Tanzstück „Full Body“ in Oldenburg

Oldenburg (dpa) - Der Titel stand schon ganz früh fest. Monate, bevor der Schweizer Marcel Leemann als Gastchoreograf nach Oldenburg kam, um mit der Tanzcompagnie des Staatstheaters ein Stück zu entwickeln, musste ein Name fürs Spielzeitheft her.

„Full Body“, schlug Tanzdirektor Honne Dohrmann vor: „Es war klar, weil Marcel so physisch arbeitet - das wird auf jeden Fall passen.“ Die Proben für die Produktion, die am Freitag in der Exerzierhalle uraufgeführt und im Februar in Bremen gastieren wird, begannen im November. In deren Verlauf ist ein Tanzstück entstanden, das von den Mitwirkenden tatsächlich immer wieder vollen Körpereinsatz fordert. „Wir verlangen den Tänzern viel ab. Es kommt alles vom Körper zuerst“, sagt Marcel Leemann.

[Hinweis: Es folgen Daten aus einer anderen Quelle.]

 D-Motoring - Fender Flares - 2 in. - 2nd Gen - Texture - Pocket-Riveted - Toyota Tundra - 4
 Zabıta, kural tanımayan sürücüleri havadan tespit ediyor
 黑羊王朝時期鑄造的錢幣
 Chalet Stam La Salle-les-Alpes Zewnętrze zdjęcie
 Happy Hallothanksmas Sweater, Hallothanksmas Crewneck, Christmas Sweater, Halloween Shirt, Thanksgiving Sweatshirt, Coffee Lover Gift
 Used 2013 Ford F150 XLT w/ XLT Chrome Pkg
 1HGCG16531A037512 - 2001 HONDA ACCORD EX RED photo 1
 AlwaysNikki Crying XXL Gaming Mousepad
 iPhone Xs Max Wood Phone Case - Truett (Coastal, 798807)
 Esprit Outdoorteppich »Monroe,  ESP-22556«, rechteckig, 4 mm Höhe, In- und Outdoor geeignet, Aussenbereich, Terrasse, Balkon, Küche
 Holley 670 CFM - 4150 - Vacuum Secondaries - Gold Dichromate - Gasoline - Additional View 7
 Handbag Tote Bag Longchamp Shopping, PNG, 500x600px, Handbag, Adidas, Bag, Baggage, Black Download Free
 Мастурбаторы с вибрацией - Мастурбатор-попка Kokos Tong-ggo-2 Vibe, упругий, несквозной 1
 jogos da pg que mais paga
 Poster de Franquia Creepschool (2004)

„Full Body“ thematisiert die Zerrissenheit zwischen dem Wunsch nach Individualität und der Sehnsucht nach Zugehörigkeit zur Masse. Das zieht sich durchs Stück und verbindet die Bilder, die sich dem Publikum bieten. So bekommen die einzelnen Tänzer jeweils die Gelegenheit hervorzutreten, sich zu zeigen, ehe sie sich wieder in das elfköpfige, komplett in Schwarz mit Gelb gekleidete Ensemble einfügen - womit die Gruppe erneut den Ton angibt.

Texte, überwiegend von zwei mittanzenden Schauspielerinnen vorgetragen, thematisieren einerseits das Wohlgefühl des Dazugehörens, der Gemeinsamkeit, des Zusammenhaltens. Andererseits geht es aber um die Ambivalenz der Masse: „Intelligenz ist als Massenphänomen unmöglich.“

Neben den Tänzern sind auch die Requisiten fast permanent in Bewegung. Die etwa drei Meter langen hellen Holzplanken markieren auf dem dunklen Bühnenboden mal eine Spirale, mal Quadrate, mal bilden sie einen Straßenrand. Dann wieder schieben die Tänzer sie zwischen sich hin und her oder heben sie gemeinsam hoch und lassen sie herunterprasseln. Auch der Glaskasten im Telefonzellenformat lässt sich variabel einsetzen: als fahrbarer Untersatz, als Käfig oder als Schaukasten.

Erst kurz vor der Premiere zum quasi fertigen Stück hinzugekommen sind die Musik des Schweizer Komponisten Beat Halberschmidt sowie die Kostüme. Mit beidem habe er bewusst lange gewartet, sagt Choreograf Leemann. „Ich liebe es, wenn ich Zeit habe, ein Stück zu entwickeln“, schwärmt der 42-Jährige, der in Bern seine eigene Tanzcompagnie leitet.

Leemann beschreibt die Zusammenarbeit mit dem Oldenburger Ensemble als sehr lebendig: Tänzer hätten Bewegungen angeboten, die Schauspielerinnen Textteile selbst verfasst, eine Tänzerin habe ein Lied geschrieben, das sie im Stück auch singe. Auch insofern passe der Titel „Full Body“: Der umfasse für ihn neben Tanz, Sprache und voller Konzentration eben auch „das Dahinterstehen“.